CPP’s Male Success Initiatives hosted the event in the CLA and College of Business Administration Buildings and invited male students from CPP and other California State Universities to participate in several networking activities and lectures discussing self-confidence and self-worth.
According to MSI Director Joel Gutierrez, the most important goal of this retreat was to get students to build relationships with other men of color.
“I wanted students, specifically men of color, to know that they’re not alone,” Gutierrez said. “I think that was the other goal to know that, for CPP men of color, you also have brothers in other CSUs.”
One of the retreat’s activities was a lecture on identifying and dismantling imposter syndrome, which Markease Harris, a computer science student from CSU Dominguez Hills, said heavily resonated with him.
“This work that everyone is doing is extremely essential to help these men of color grow into better men, help understand themselves, find community on campus and find community within themselves,” Harris said. “It’s essential and necessary to help cultivate the minds of the next generation, and I’m very grateful for this work.”
John Offenburger Espinoza, a master’s student of the business administration program at CPP and returning member of MSI, said having a supportive community of men of color through MSI helped him overcome his imposter syndrome and start taking leadership roles on campus.

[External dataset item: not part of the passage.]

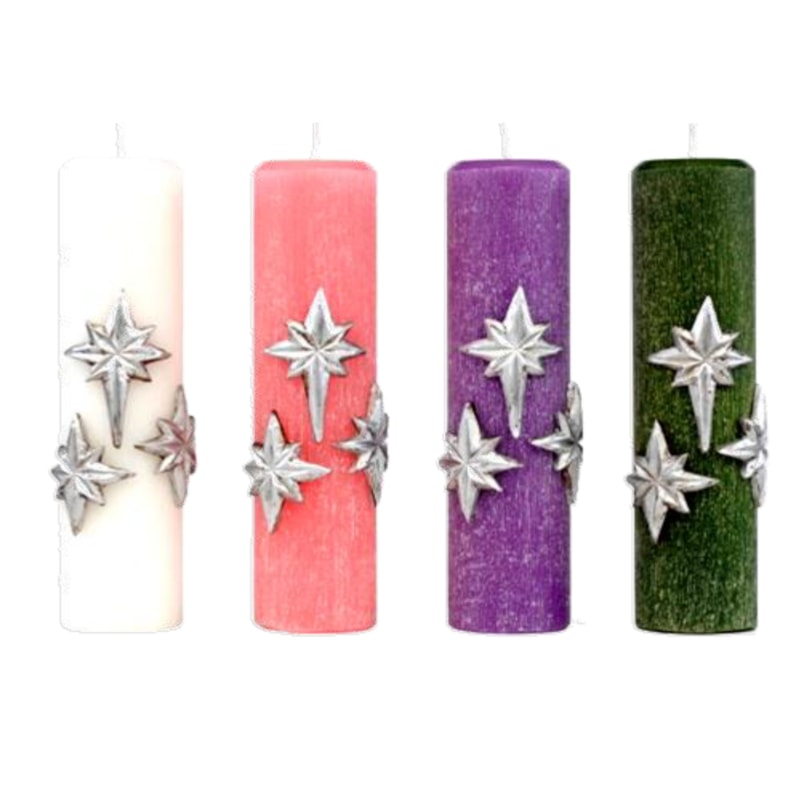 VELA DO ADVENTO RELEVO 3 ESTRELAS 25X07 - KIT COM 4 VELAS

“Having someone say something like ‘I know you are good enough, I know you can’ — that’s gold,” Offenburger said. “Sometimes you don’t even need material stuff and money, sometimes you need those words. Somebody that can vouch for you.”
Students from Cal State Dominguez Hills and Cal State Fullerton joined the conference and greeted their fellow men of color from CPP on the second day of the event.
The second day of the event also featured an alumni panel with four CPP alumni who came to the event to give their advice to students. One of the members of the panel was Jacob Quetant, an alumni from the class of 2009, who further stressed the importance of forming relationships alongside your education in college.
“You can sit in a room and people can lecture, and you can either be locked in and listening or your attention can drift,” Quetant said. “But who you’re sitting next to, to your left and to your right and even who you might be listening to lecture, if you have the courage to speak up and create a relationship, there’s no telling where that relationship can lead you to.”
According to Gutierrez, MSI specifically contacted CPP alumni from the Latino and Black alumni network because those groups of men need the most help finding connections for careers in higher fields. Gutierrez stated they wanted to provide these students with a panel of CPP alumni who have “walked their path” and could help them navigate their journey through college.
After many activities and lectures, the event capped off with one final group picture and a reminder from the event leaders to stay connected with one another.
According to Gutierrez, the idea for this retreat came from students in MSI, who pitched the concept in a staff meeting and worked with MSI’s senior coordinators to help make the event happen.
Gutierrez stated MSI’s goal is to continue providing men of color at CPP opportunities to connect and grow with each other through their various programs and social events.
“For me, MSI has a responsibility to allow men of color here at Cal Poly Pomona to see themselves.” Gutierrez said. “We have a responsibility to create spaces where students of color — men of color — belong.”